Wie kann man Steuerflucht erschweren?

Ein sehr einfaches und wirksames Verfahren benutzen die meisten europäischen Staaten seit Jahren. In der EU-Zinsrichtlinie haben sie vereinbart, dass beispielsweise französische Finanzämter dem deutschen Bundeszentralamt für Steuern automatische Meldungen schicken, wenn deutsche Staatsbürger Zinsgewinne auf ihren Konten in Frankreich verbuchen. Das Bundeszentralamt sendet die Information daraufhin an die zuständigen deutschen Finanzämter. Die Kontoinhaber müssen ihre Zinsgewinne dann versteuern.


Wo sind die Löcher im Gesetz?

Bisher gilt der grenzüberschreitende Info-Austausch nur für Zinseinnahmen, aber beispielsweise nicht für Dividenden und andere Kapitaleinkünfte. Außerdem haben sich Österreich und Luxemburg Ausnahmeregelungen gesichert. Ähnliches gilt für die Schweiz und die europäischen Zwergstaaten Liechtenstein, Monaco, San Marino und Andorra. Hinzu kommt: Von Großbritannien abhängige Territorien wie die Jungferninseln, die Kaimaninseln, Gibraltar, Jersey und Isle of Man machen beim Info-Austausch ebenfalls nicht mit. Gerade diese aber gehören zu den bevorzugten Anlageplätzen, die die Steuerhinterzieher aufsuchen.


Werden die Steueroasen nun ausgetrocknet?

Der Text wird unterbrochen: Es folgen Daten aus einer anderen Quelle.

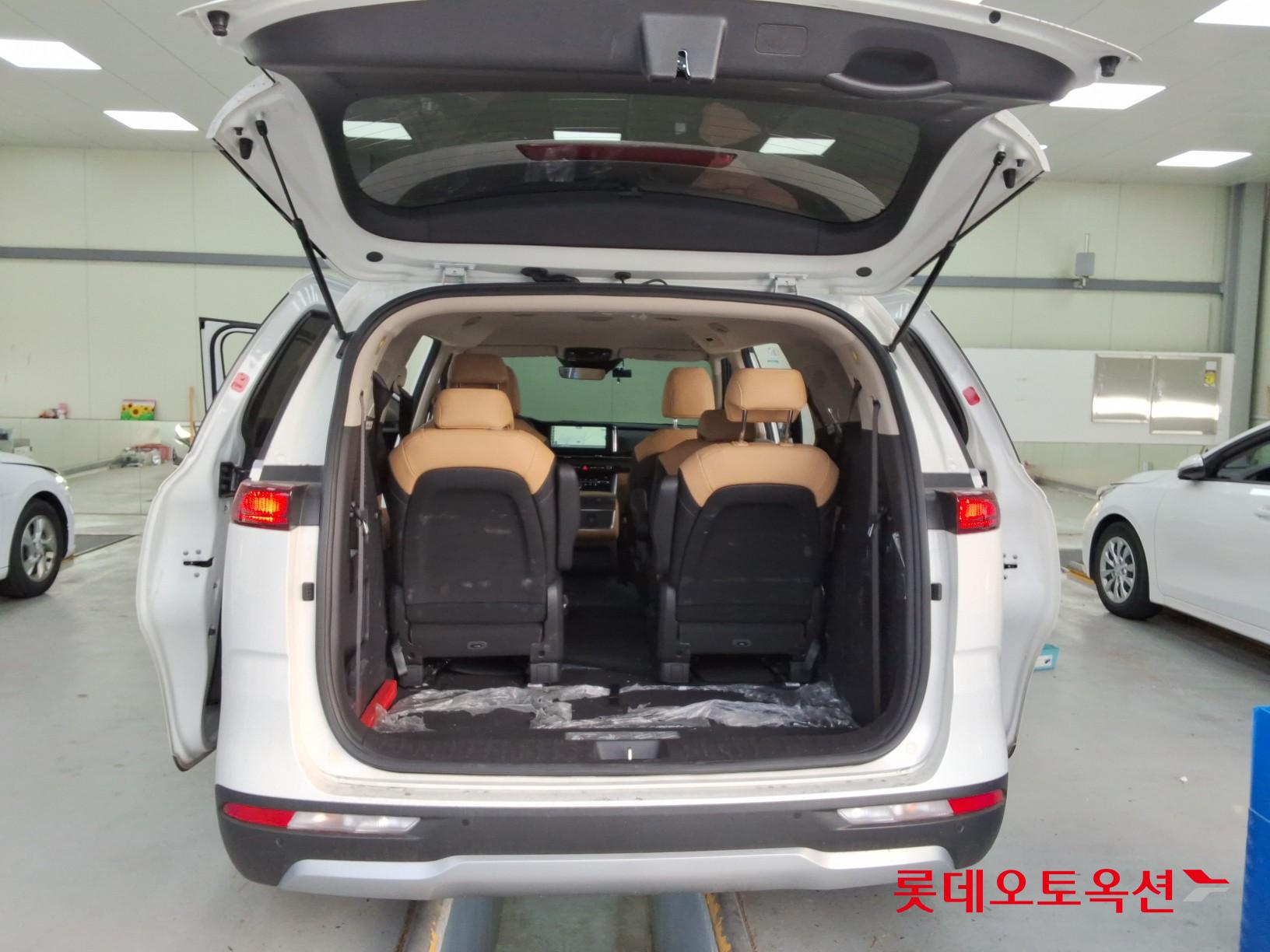 2023 - kia carnival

Ja, sagen die EU-Kommission und die Regierungschefs. Wobei Vorsicht geboten ist, denn konkrete Vereinbarungen will man erst noch aushandeln. Die Lösung aber könnte so aussehen: Die EU würde eine Regel übernehmen, die sich die US-Regierung ausgedacht hat. Die Idee des Fatca-Abkommens (Gesetz zur Bekämpfung der Steuerhinterziehung): Liefern ausländische Banken keine Informationen über die Kapitalerträge von US-Bürgern an die dortigen Finanzämter, müssen diese Institute eine hohe Straftsteuer auf ihre Anlagen in den USA zahlen.


Wie sähe konkreter Fortschritt aus?

Beispielsweise Österreich, Luxemburg und die britischen Übersee-Territorien erklären sich bereit, gegenüber dem Bundeszentralamt für Steuern den jeweiligen Namen der deutschen Kontoinhaber, die Kontonummern und den Kapitalerträge zu nennen. Ob es wirklich soweit kommt, wissen wir Ende diesen Jahres.